While the option + click shortcut is convenient (and works right out of the box), below are three ways to put DND right at your fingertips to help make transitioning into a distraction-free workflow as rapid and fluid as possible.

1. Add the DND toggle to your Touch Bar

If you have a modern Macbook Pro, the easiest way to make DND easily accessible is to add the toggle to your Touch Bar. You can customize your Touch Bar by navigating to:

System Preferences > Keyboard > Keyboard (tab) > Customize Touch Bar… (button)

Just drag the crescent moon icon down, and you’re all set. But if you don’t have a Touch Bar, and/or if you favor an external keyboard (like I do), there are other options.

touch-bar-edited

2. Create a global keyboard shortcut

No third-party apps necessary. Just navigate to:

System Preferences > Keyboard > Shortcuts (tab) > Mission Control (list)

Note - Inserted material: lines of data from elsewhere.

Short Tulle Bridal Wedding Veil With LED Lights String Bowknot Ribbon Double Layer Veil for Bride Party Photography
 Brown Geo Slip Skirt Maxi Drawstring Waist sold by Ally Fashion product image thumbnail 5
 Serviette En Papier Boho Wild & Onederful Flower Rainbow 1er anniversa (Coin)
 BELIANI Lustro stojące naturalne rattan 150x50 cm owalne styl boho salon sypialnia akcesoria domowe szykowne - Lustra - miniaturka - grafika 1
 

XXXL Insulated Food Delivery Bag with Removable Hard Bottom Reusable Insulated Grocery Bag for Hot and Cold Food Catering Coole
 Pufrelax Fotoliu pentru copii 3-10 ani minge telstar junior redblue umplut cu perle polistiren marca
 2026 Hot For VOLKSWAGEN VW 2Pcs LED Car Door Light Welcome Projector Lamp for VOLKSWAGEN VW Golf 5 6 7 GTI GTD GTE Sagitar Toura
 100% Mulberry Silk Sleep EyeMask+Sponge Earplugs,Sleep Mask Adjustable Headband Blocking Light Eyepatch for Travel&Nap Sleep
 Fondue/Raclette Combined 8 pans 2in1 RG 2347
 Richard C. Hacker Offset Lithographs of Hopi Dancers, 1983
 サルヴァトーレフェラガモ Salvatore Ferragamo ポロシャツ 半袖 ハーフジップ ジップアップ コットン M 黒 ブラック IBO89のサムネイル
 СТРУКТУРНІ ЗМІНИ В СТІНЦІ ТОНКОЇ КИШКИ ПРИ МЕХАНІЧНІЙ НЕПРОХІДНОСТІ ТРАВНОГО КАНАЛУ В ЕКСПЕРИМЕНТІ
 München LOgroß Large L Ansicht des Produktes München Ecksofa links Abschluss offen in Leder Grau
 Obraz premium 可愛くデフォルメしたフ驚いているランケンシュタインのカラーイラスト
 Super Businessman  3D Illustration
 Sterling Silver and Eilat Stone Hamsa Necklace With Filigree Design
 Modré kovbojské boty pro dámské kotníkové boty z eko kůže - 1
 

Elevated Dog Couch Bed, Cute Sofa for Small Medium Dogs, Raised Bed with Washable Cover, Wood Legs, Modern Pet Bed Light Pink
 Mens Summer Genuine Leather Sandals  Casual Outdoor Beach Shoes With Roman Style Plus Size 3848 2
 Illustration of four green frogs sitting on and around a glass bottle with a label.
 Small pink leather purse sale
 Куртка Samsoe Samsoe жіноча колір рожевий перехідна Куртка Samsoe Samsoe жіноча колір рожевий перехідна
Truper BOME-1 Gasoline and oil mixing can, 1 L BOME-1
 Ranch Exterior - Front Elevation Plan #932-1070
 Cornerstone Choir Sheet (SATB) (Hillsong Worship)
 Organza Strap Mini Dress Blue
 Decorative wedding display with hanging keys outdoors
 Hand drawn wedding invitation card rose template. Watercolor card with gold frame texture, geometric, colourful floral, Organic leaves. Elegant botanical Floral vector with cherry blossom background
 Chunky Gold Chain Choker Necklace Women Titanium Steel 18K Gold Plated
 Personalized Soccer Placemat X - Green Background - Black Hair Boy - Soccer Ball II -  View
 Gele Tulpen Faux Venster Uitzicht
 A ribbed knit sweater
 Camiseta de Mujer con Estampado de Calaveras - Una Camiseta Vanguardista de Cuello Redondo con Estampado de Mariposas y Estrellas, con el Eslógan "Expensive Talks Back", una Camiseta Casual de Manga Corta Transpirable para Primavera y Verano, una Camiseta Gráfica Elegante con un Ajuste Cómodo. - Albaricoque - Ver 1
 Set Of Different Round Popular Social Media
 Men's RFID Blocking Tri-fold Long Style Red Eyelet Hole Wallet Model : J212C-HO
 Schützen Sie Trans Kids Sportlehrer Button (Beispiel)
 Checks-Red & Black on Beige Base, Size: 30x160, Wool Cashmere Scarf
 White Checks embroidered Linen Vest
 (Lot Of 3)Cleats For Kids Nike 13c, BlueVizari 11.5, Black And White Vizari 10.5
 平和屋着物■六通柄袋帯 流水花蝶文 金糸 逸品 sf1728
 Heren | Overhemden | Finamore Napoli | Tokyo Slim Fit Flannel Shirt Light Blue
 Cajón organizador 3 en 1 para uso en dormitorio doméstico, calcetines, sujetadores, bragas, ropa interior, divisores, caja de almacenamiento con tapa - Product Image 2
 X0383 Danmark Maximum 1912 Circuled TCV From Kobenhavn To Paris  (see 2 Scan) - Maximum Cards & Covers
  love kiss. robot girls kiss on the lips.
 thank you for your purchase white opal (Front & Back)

Check the box next to “Turn Do Not Disturb On/Off” and assign it a keyboard combination. I use ⌥D (option + D).

keyboard-shortcut

3. Put that extra mouse button to use

If you use an external, non-Apple mouse, you might be able to map an unused button to toggle DND. I like Logitech mice which work well out of the box, but if you install the Logitech Options utility application, you not only get the ability to customize the behavior of the mouse, but you can also remap buttons. While you can’t map a button directly to the DND toggle, you can map it to the global keyboard shortcut we set up in Step 2.

I don’t use mouse “gestures,” so I always map the gesture button to ⌥D. That means whether I’m typing or scrolling, I’m never more than a quick flick away from quelling distracting notifications and regaining my focus.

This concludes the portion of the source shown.